United States District Court, E.D. Louisiana

June 17, 2015

JANE DOE, individually and on behalf of her minor son, JOHN DOE,
v.
JERRY DANTIN, ET AL, Section:

ORDER AND REASONS

JAY C. ZAINEY, District Judge.

Before the Court is a Motion for Summary Judgment (Rec. Doc. 82) filed by defendants David Camardelle, Euris Dubois, and the Town of Grand Isle. Plaintiffs, Jane Doe, and her minor son, John Doe, oppose the motion.[1] The motion, set for hearing on May 1, 2015, is before the Court on the briefs without oral argument.[2] For the reasons that follow, the motion is GRANTED.

I. BACKGROUND

This case concerns an alleged cover-up by the mayor of Grand Isle, the chief of police of Grand Isle, and the Grand Isle Police Department/Town of Grand Isle in investigating a possible felony. Defendant David Camardelle ("Camardelle") is the mayor of the Town of Grand Isle and a neighbor of John Doe's father. At the time of the incident, defendant Jerry Dantin ("Dantin") had been dating Camardelle's mother. Plaintiffs allege that on March 30, 2010, Jane Doe's son, John Doe, informed her that Dantin had sexually molested him by allowing him/instructing him to put cream on Dantin's penis and in Dantin's anus. In response, Jane Doe told John Doe's father about the sexual molestation. John Doe's father called Camardelle on March 31, 2010 to inform him of the allegations. Camardelle and John Doe's father discussed getting more information before taking further action, and John Doe's father agreed to give Camardelle until April 5, 2010, due to the upcoming Easter weekend.

Jane Doe and John Doe's father called Camardelle on April 5, 2010, but were unable to reach him. Jane Doe also called the Jefferson Parish Sheriff's Office that day to ask where to report a molestation, but she did not divulge any further details. On April 6, 2010, Jane Doe reported the matter in person to an officer at the Grand Isle Police Department. During this visit, Defendant Euris Dubois ("Dubois"), the Chief of the Grand Isle Police Department, allegedly accused Jane Doe of lying. Camardelle then arrived at the police station and apologized to Jane Doe for not returning her call. Camardelle offered to pick up Dantin and drive him to the station, which Dubois allowed. Upon his return, Dantin was questioned by Dubois and Jane Doe. Camardelle was also present during the questioning.

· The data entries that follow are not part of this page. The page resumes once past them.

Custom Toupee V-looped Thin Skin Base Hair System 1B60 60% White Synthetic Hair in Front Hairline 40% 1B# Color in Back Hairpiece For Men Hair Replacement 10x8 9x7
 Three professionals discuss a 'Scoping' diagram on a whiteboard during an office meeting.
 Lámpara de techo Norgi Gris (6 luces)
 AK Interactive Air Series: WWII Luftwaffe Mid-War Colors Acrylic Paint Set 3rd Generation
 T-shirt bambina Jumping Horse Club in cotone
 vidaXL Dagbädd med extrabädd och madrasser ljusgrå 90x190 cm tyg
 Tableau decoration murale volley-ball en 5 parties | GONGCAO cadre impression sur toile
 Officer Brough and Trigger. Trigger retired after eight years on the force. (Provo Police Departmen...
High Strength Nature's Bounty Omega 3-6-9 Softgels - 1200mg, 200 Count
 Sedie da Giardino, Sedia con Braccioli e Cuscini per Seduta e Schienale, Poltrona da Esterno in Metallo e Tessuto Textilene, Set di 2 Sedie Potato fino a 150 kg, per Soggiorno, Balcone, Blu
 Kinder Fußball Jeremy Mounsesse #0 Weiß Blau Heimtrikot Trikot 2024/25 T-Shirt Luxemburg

During questioning, Dantin initially denied molesting John Doe, but eventually stated that he would tell the truth. At this point, Dubois read Dantin his Miranda rights. Dubois attempted to record Dantin's statement, but the tape recorder would not work. A second tape recorder also would not work. Dubois allegedly decided against getting new batteries and instead instructed his secretary to handwrite the statement. According to Plaintiffs, Dubois ordered Dantin to continue with his statement even after his secretary informed him that she could not keep up with the dialogue.

In his statement, Dantin confessed to molesting John Doe. He then threatened to kill himself. While Dantin was providing his statement, Camardelle allegedly began crying hysterically and complained of having a heart attack. An EMS was called to examine Camardelle while Jane Doe was left alone with Dantin. Camardelle did not suffer a heart attack.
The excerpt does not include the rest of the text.